The required output is an exact restatement of the lines, starting with the one that contains "唐山Ebpay(中国)智能科技有限公司参编的国家标准正式发布！" and finishing with the last line of the listing. It contains no pictures.

Supplied material
------------------------------------------------------------------------

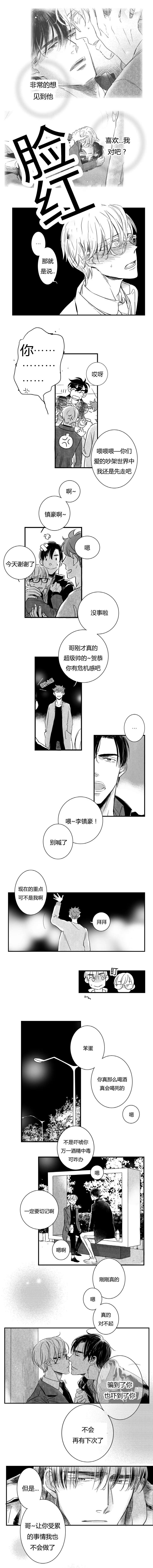 第51章：惩罚2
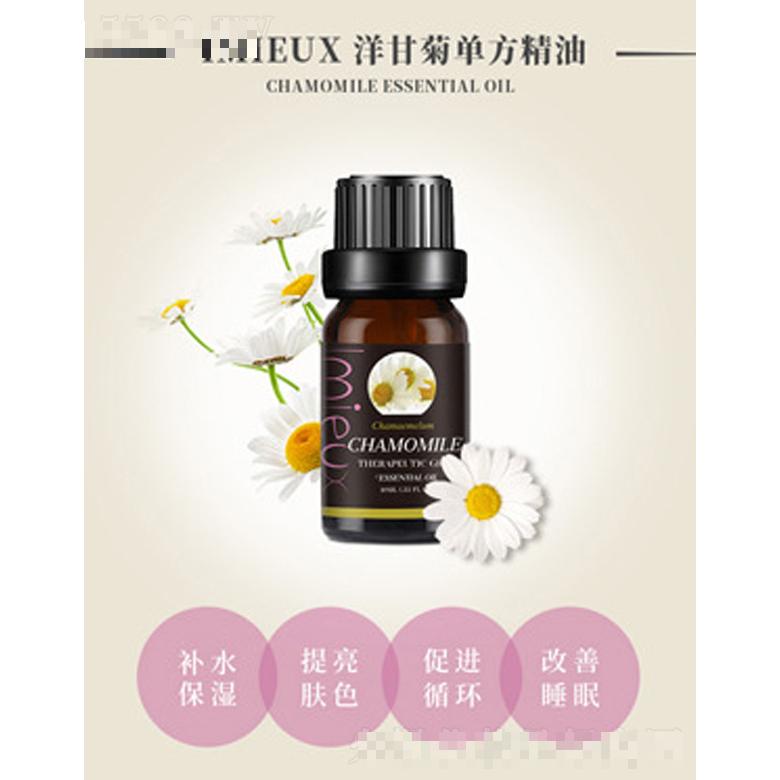 IMIEUX洋甘菊单方精油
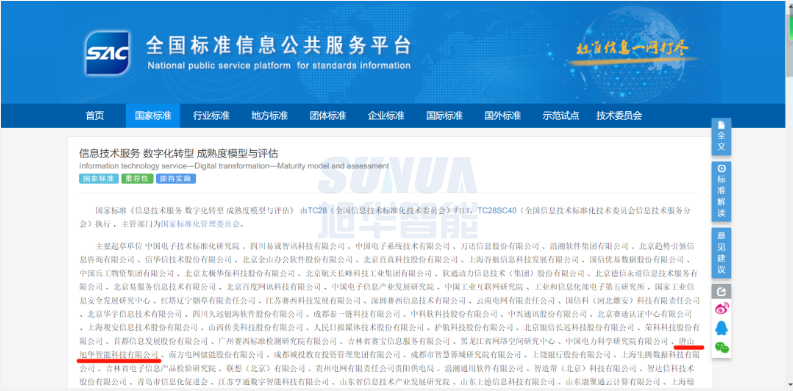 唐山Ebpay(中国)智能科技有限公司参编的国家标准正式发布！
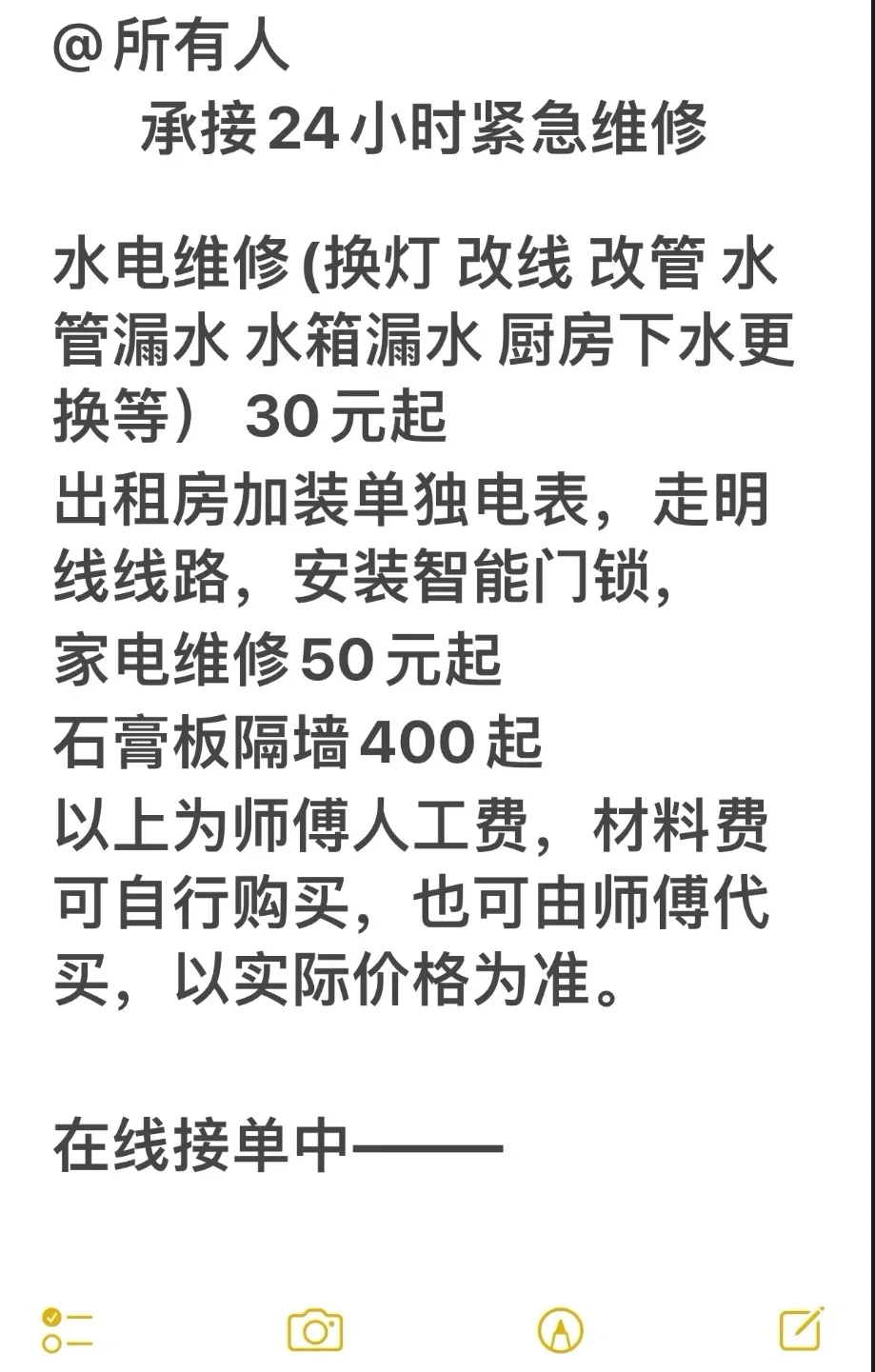 承接长沙24小时紧急抢修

------------------------------------------------------------------------

Exercise result
 唐山Ebpay(中国)智能科技有限公司参编的国家标准正式发布！
 承接长沙24小时紧急抢修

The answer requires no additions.